'''

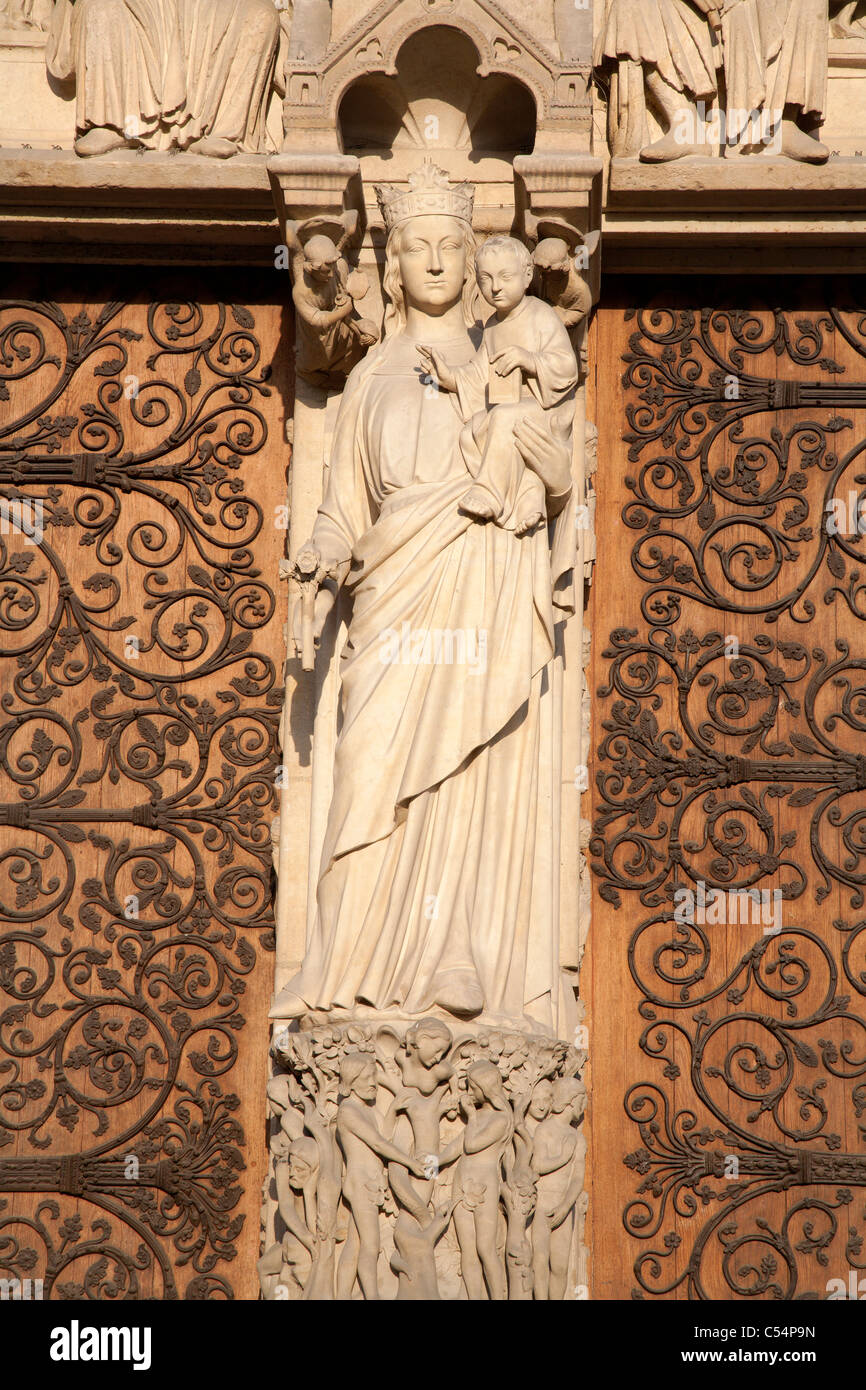 Paris - Heilige Mari aus Fassade Seite Westportal der Kathedrale Notre-Dame Stockfoto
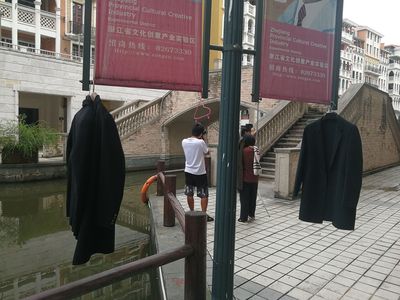 杭州網店模特 音樂節拍下的時尚舞者，200套服裝的拍攝速寫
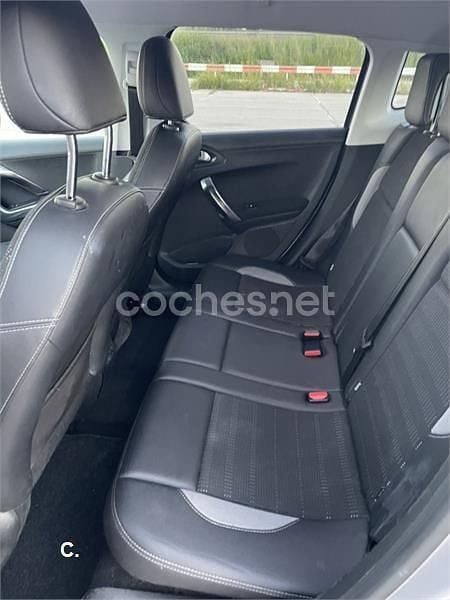 Usado Peugeot 2008 Allure 92 CV (67 kW) 2014 Gris / plata SUV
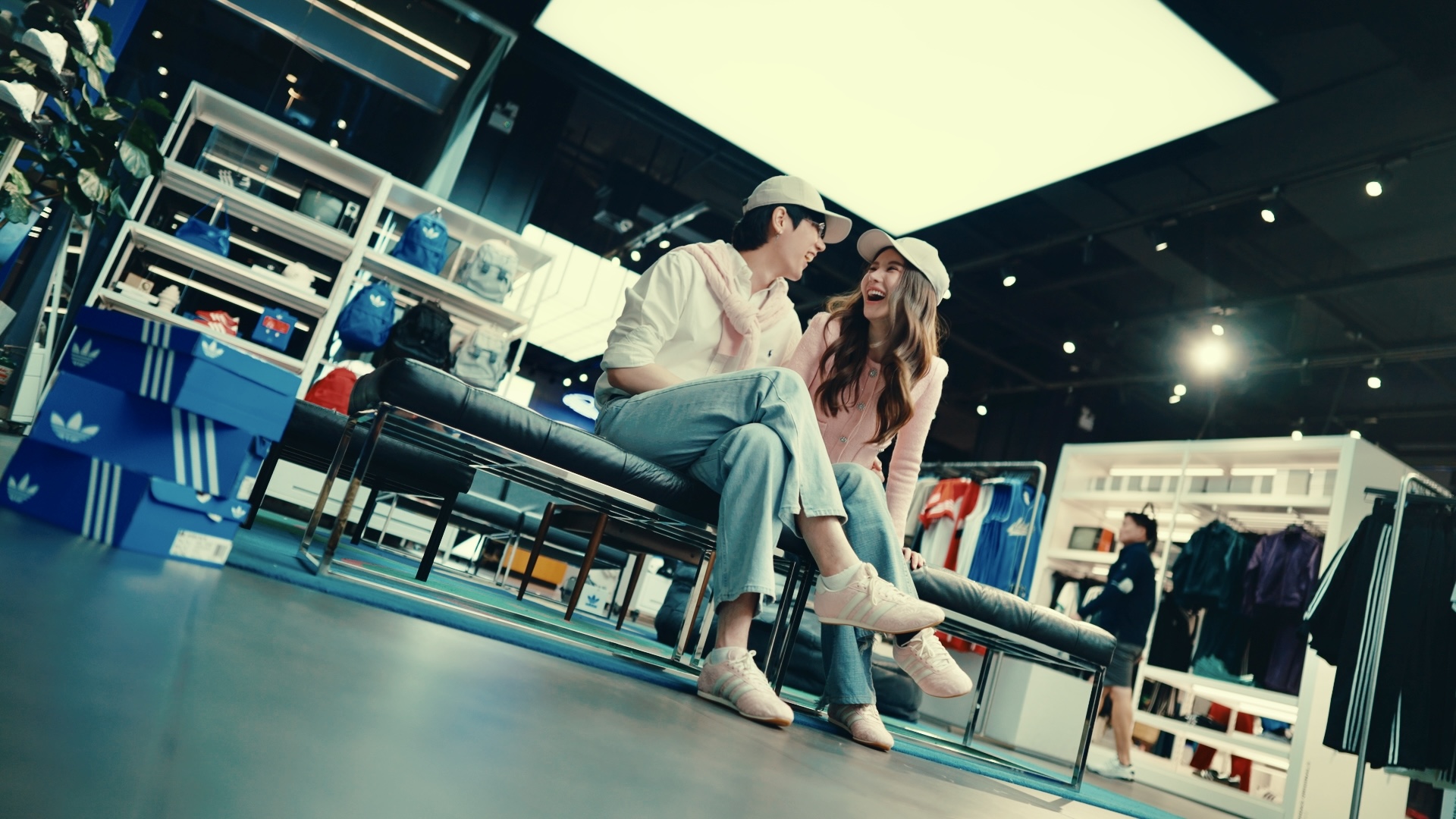 วาเลนไทน์นี้ เซ็นทรัลพัฒนา ขับเคลื่อนความรักผ่านแคมเปญ ‘love In Motion’ จัดเต็มกิจกรรมครอบคลุมทุกมิติความสัมพันธ์ เช็กอินแลนด์มาร์กแห่งรัก 6 16 ก.พ. 69 ที่เซ็นทรัลทั่วประเทศ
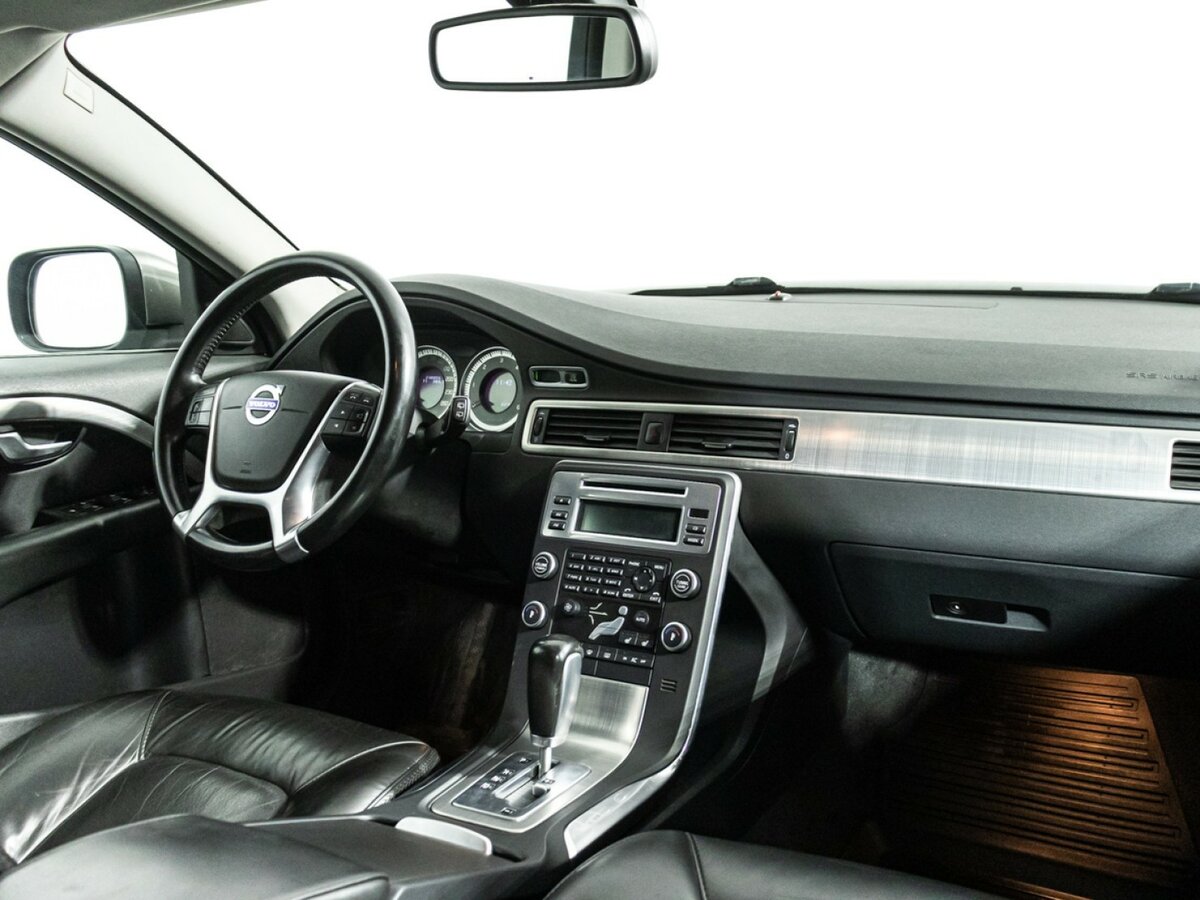 Купить Volvo XC70 с пробегом. Фото: #7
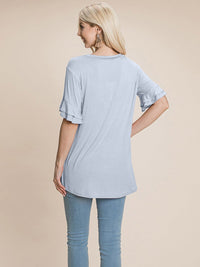 WOMEN'S SHORT RUFFLE SLEEVE V-NECK CRICHET DETAILED TOP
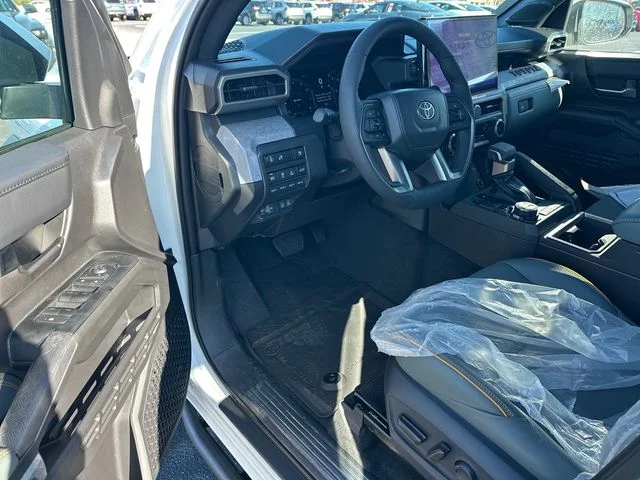 2026 Toyota Tacoma Trailhunter - Photo 6
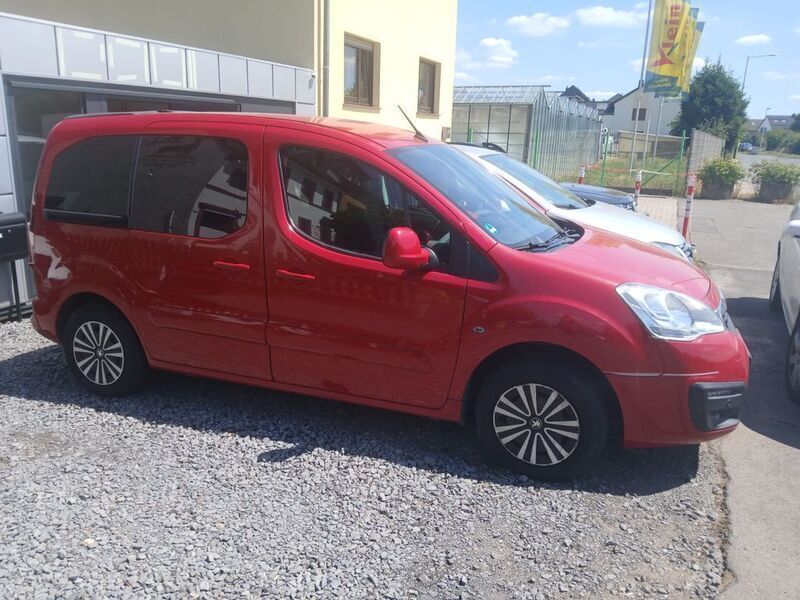 Rot Gebraucht 2018 Peugeot Partner Premium Van / Kleinbus | 5.700 € (Superpreis) - Bild 1/4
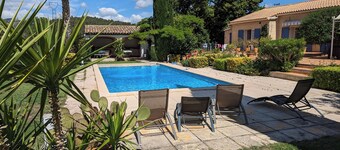 Bastidon Indépendant Dans Grande Propriété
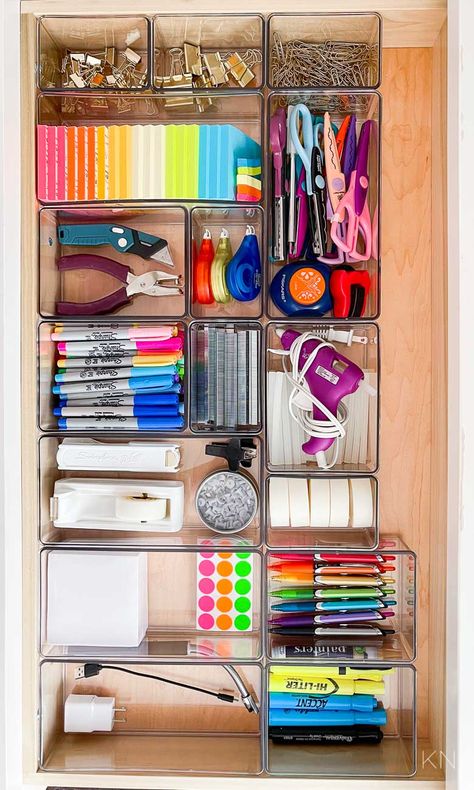 Organisation, Office Organization Ideas, Lady Decluttered, Smart Desk, Organisation Ideas, Office Supply Organization, Homeschool Organization, Filing System, Supplies Organization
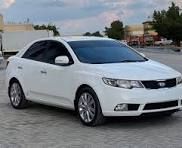 كيا سيراتو 2012: مزيج بين العملية والفخامة في سوق المستعمل"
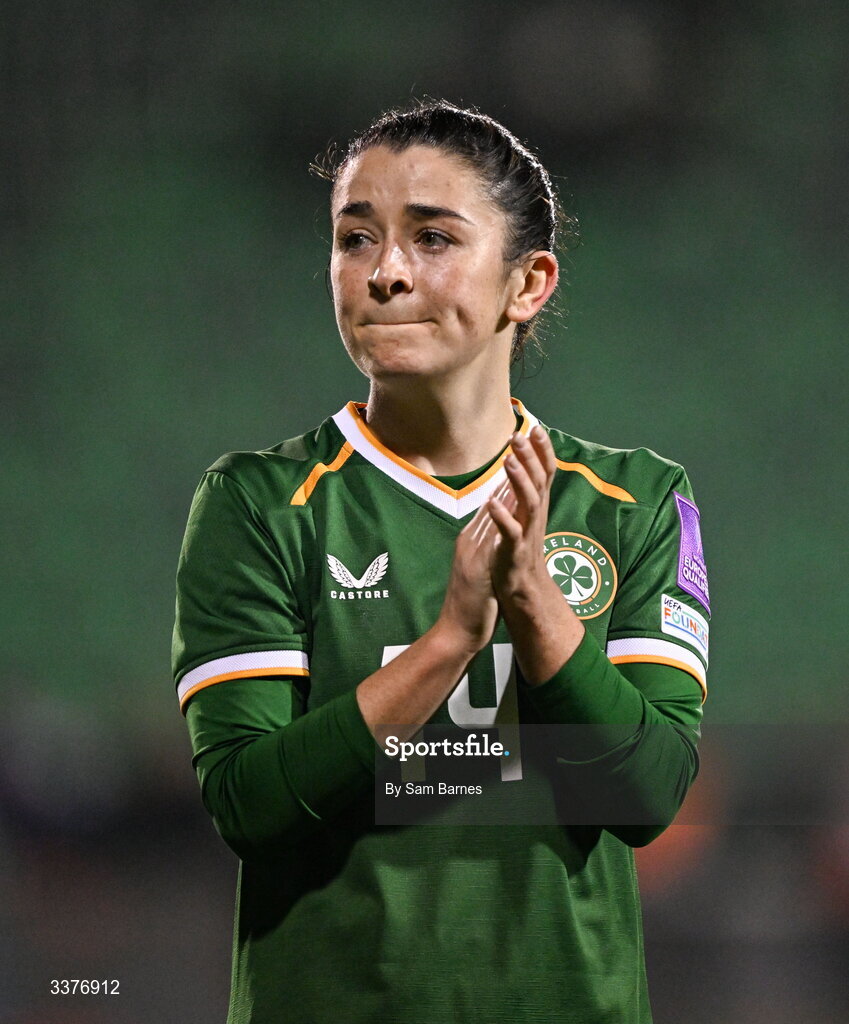 3 March 2026; Marissa Sheva of Republic of Ireland applauds supporters after her side's defeat in the 2027 FIFA Women’s World Cup Qualifier match between Republic of Ireland and France at Tallaght Stadium in Dublin. Photo by Sam Barnes/Sportsfile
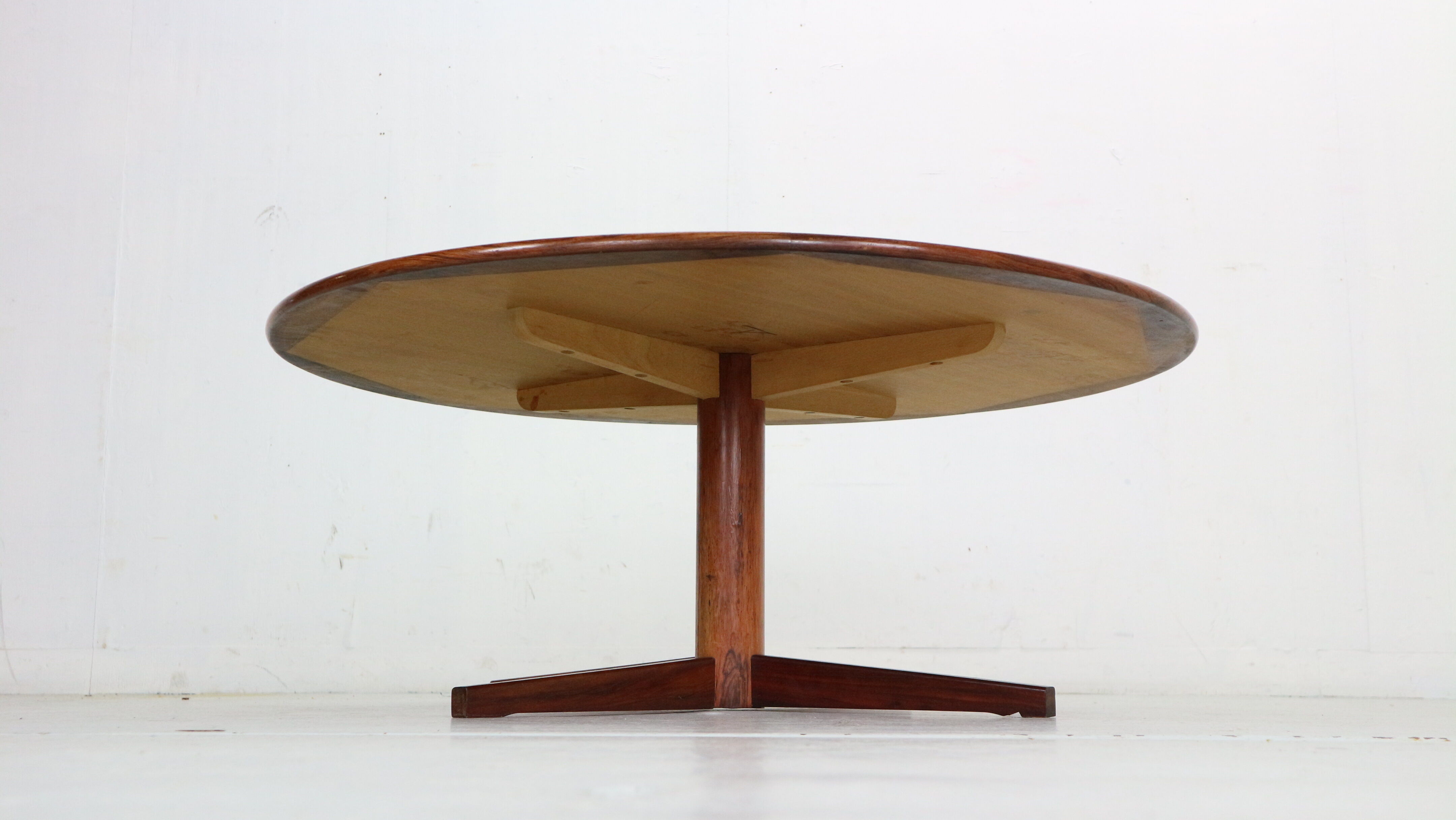 Mid century modern  round rosewood coffee table, 1960s denmark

'''

Work to be completed | Set down, exactly as written above, each line from the one with "2026 Toyota Tacoma Trailhunter - Photo 6" through the one with "كيا سيراتو 2012: مزيج", and skip the pictures.

Problem solution |
 2026 Toyota Tacoma Trailhunter - Photo 6
 Rot Gebraucht 2018 Peugeot Partner Premium Van / Kleinbus | 5.700 € (Superpreis) - Bild 1/4
 Bastidon Indépendant Dans Grande Propriété
 Organisation, Office Organization Ideas, Lady Decluttered, Smart Desk, Organisation Ideas, Office Supply Organization, Homeschool Organization, Filing System, Supplies Organization
 كيا سيراتو 2012: مزيج بين العملية والفخامة في سوق المستعمل"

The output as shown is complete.